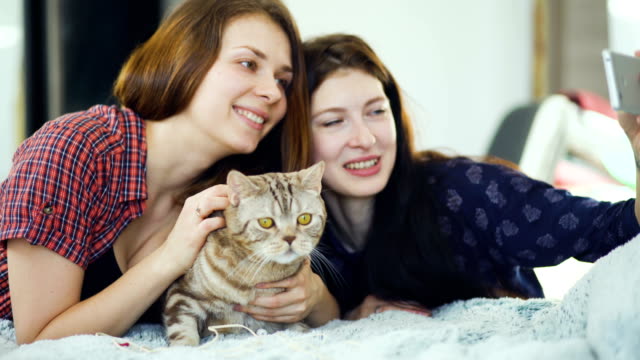 Zwei-glückliche-Frauen-Freunde-im-Bett-liegen-und-dass-Selfie-mit-Katze-und-viel-Spaß-im-Bett-zu-Hause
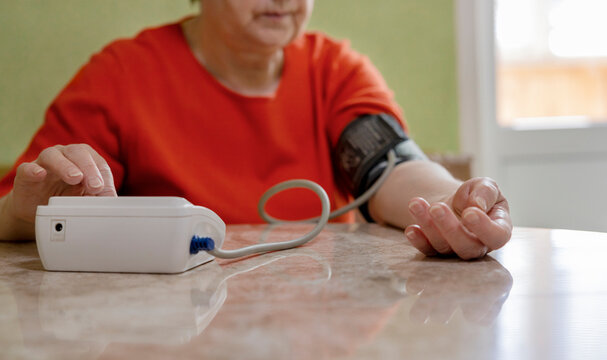 Woman measuring blood pressure using blood pressure monitor at home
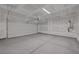 Spacious garage with ample room for parking and storage, and a modern garage door at 7086 Parkallen Ave, Las Vegas, NV 89113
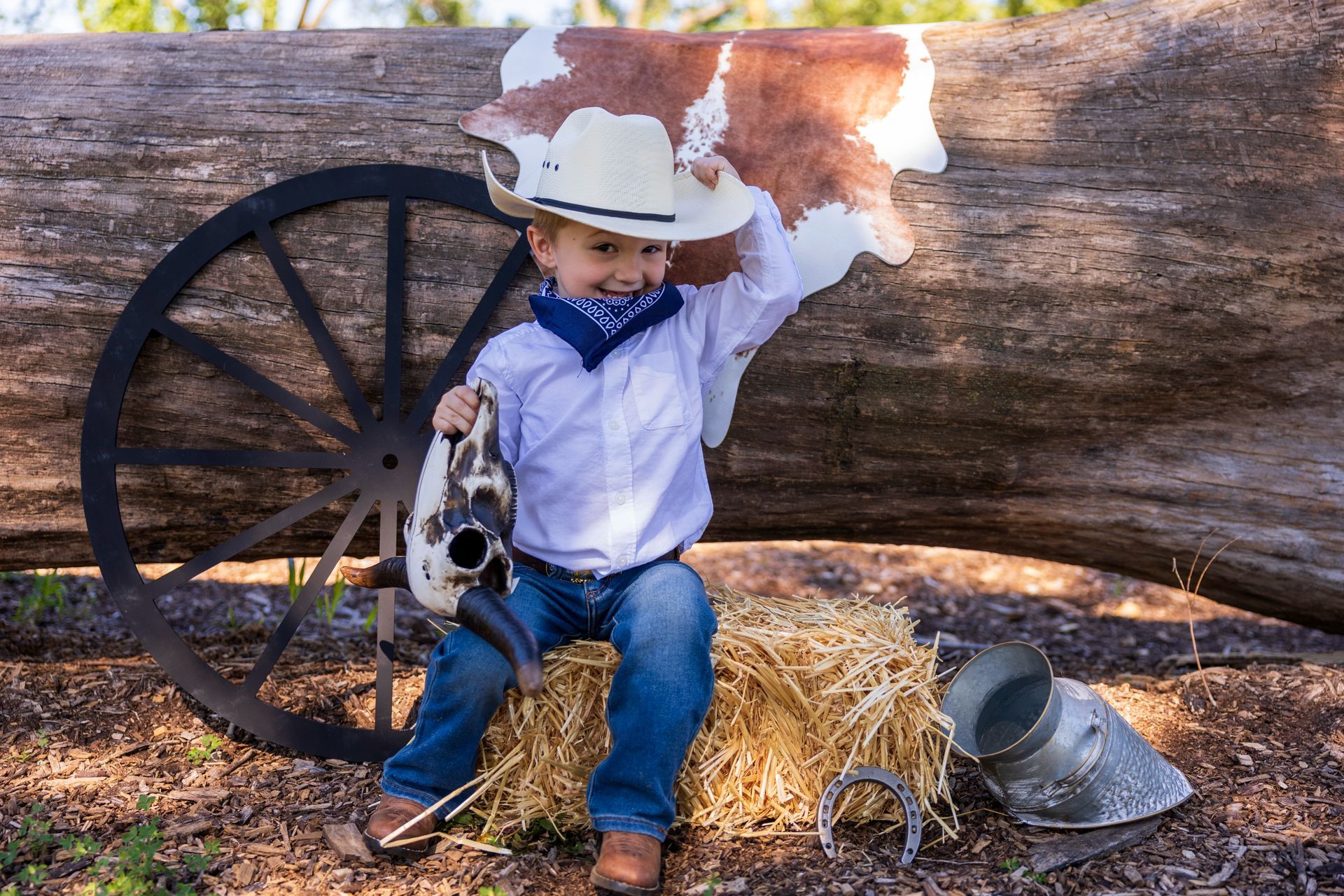 A young boy dressed as a cowboy is sitting on a bale of hay.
= = = = =
#### [Work to complete]
Exclude the pictures and give back the rest of the data above exactly as written.

#### [Result for this task]
 Zwei-glückliche-Frauen-Freunde-im-Bett-liegen-und-dass-Selfie-mit-Katze-und-viel-Spaß-im-Bett-zu-Hause
 Woman measuring blood pressure using blood pressure monitor at home
 Spacious garage with ample room for parking and storage, and a modern garage door at 7086 Parkallen Ave, Las Vegas, NV 89113
 A young boy dressed as a cowboy is sitting on a bale of hay.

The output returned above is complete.